**Exercise details:** Output the full listing below exactly, without the pictures.

**Supplied data:**
⁂

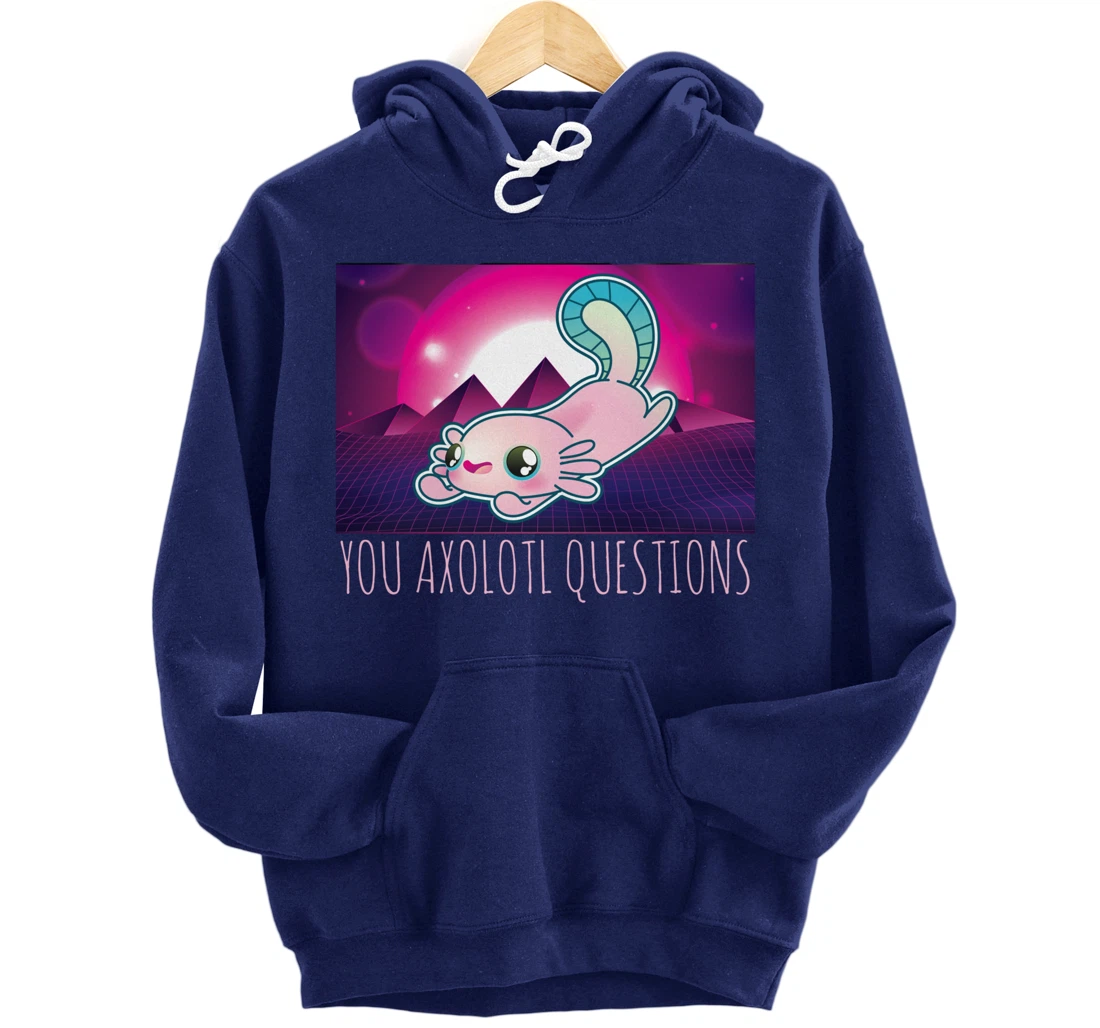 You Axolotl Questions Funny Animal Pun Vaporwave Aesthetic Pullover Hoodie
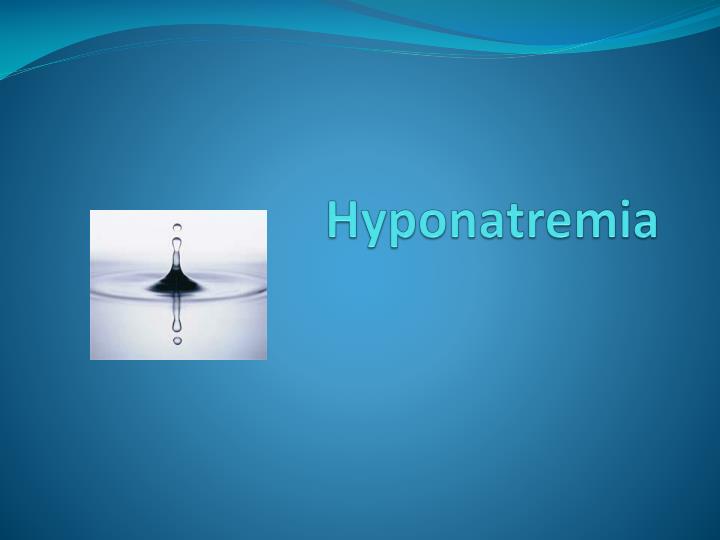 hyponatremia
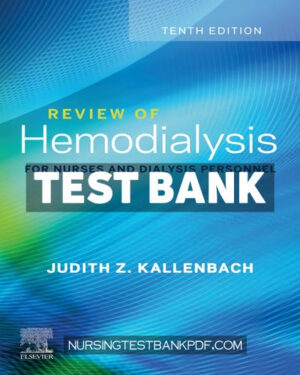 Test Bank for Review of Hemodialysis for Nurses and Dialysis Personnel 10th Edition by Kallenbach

⁂

**Answer area:**
 You Axolotl Questions Funny Animal Pun Vaporwave Aesthetic Pullover Hoodie
 hyponatremia
 Test Bank for Review of Hemodialysis for Nurses and Dialysis Personnel 10th Edition by Kallenbach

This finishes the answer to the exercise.